[Data items]
--------------------

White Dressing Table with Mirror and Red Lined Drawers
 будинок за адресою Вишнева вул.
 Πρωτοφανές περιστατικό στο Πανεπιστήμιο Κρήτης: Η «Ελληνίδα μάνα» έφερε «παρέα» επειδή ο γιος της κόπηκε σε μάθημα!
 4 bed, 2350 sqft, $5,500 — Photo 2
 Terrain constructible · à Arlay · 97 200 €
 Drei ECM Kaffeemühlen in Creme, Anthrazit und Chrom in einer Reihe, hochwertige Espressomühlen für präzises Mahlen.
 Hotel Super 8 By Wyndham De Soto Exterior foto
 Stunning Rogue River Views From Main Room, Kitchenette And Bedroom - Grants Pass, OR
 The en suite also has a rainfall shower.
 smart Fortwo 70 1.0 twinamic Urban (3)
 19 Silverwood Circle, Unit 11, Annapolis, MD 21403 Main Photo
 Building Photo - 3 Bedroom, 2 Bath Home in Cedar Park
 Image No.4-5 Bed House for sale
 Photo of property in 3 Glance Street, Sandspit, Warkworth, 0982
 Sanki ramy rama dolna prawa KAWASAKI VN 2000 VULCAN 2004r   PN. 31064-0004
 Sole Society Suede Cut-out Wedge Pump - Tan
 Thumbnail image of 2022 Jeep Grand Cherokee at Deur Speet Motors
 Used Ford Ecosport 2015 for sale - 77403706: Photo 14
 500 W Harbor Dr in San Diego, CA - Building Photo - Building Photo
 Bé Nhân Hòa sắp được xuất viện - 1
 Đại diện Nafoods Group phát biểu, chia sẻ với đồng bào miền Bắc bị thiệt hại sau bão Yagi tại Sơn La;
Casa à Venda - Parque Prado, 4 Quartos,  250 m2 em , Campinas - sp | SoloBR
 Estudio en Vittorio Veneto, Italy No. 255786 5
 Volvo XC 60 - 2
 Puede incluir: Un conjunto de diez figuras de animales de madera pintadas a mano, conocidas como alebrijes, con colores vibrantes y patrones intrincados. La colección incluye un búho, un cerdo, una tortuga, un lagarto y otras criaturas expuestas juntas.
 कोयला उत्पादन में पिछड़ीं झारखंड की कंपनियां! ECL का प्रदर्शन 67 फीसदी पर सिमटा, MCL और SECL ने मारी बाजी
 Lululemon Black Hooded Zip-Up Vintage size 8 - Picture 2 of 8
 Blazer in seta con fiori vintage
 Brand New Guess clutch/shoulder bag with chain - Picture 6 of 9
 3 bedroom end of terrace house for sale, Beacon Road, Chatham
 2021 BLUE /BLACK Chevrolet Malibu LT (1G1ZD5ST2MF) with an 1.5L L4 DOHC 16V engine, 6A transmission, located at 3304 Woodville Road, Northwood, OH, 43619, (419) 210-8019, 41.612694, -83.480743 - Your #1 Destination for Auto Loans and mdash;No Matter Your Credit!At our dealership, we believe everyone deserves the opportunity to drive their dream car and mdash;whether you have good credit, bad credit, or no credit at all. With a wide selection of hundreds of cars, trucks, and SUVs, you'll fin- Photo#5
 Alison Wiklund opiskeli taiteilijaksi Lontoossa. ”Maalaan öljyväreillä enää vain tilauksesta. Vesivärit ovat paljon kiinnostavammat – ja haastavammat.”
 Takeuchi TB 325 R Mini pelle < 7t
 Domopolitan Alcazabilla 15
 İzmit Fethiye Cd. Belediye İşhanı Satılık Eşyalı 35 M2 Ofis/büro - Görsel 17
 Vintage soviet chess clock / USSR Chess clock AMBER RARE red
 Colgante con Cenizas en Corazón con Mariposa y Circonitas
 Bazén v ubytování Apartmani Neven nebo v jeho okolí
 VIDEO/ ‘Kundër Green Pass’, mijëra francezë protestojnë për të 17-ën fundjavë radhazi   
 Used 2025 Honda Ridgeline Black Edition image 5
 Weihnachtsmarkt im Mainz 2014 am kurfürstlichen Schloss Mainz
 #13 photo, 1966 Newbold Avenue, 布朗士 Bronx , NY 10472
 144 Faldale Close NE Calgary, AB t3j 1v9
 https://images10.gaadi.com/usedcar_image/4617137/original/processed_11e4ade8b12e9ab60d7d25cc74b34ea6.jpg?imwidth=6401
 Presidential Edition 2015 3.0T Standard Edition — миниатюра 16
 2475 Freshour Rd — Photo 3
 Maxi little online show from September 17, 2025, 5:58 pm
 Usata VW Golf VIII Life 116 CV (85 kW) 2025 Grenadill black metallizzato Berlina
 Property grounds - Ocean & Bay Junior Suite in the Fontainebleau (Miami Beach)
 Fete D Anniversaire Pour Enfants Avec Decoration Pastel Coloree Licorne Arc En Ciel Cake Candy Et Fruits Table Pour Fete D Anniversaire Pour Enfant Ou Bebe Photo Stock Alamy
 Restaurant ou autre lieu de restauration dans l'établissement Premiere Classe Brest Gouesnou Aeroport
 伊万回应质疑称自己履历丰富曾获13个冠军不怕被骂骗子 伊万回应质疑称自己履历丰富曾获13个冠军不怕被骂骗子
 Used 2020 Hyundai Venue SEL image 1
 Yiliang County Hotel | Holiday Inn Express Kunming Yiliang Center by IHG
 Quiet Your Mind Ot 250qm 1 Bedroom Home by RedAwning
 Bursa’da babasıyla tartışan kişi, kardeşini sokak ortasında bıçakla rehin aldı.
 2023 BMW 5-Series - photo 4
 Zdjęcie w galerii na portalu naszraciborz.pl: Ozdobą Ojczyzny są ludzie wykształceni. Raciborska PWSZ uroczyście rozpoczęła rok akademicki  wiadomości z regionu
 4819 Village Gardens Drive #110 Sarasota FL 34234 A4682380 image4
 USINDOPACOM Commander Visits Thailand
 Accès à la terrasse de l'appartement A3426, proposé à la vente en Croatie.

--------------------

- **Your goal**:
The required answer is the exact run of lines above starting at the line with "smart Fortwo 70 1.0 twinamic Urban (3)" and ending at the line with "Volvo XC 60 - 2", with both ends present.

- **Completed task**:
 smart Fortwo 70 1.0 twinamic Urban (3)
 19 Silverwood Circle, Unit 11, Annapolis, MD 21403 Main Photo
 Building Photo - 3 Bedroom, 2 Bath Home in Cedar Park
 Image No.4-5 Bed House for sale
 Photo of property in 3 Glance Street, Sandspit, Warkworth, 0982
 Sanki ramy rama dolna prawa KAWASAKI VN 2000 VULCAN 2004r   PN. 31064-0004
 Sole Society Suede Cut-out Wedge Pump - Tan
 Thumbnail image of 2022 Jeep Grand Cherokee at Deur Speet Motors
 Used Ford Ecosport 2015 for sale - 77403706: Photo 14
 500 W Harbor Dr in San Diego, CA - Building Photo - Building Photo
 Bé Nhân Hòa sắp được xuất viện - 1
 Đại diện Nafoods Group phát biểu, chia sẻ với đồng bào miền Bắc bị thiệt hại sau bão Yagi tại Sơn La;
Casa à Venda - Parque Prado, 4 Quartos,  250 m2 em , Campinas - sp | SoloBR
 Estudio en Vittorio Veneto, Italy No. 255786 5
 Volvo XC 60 - 2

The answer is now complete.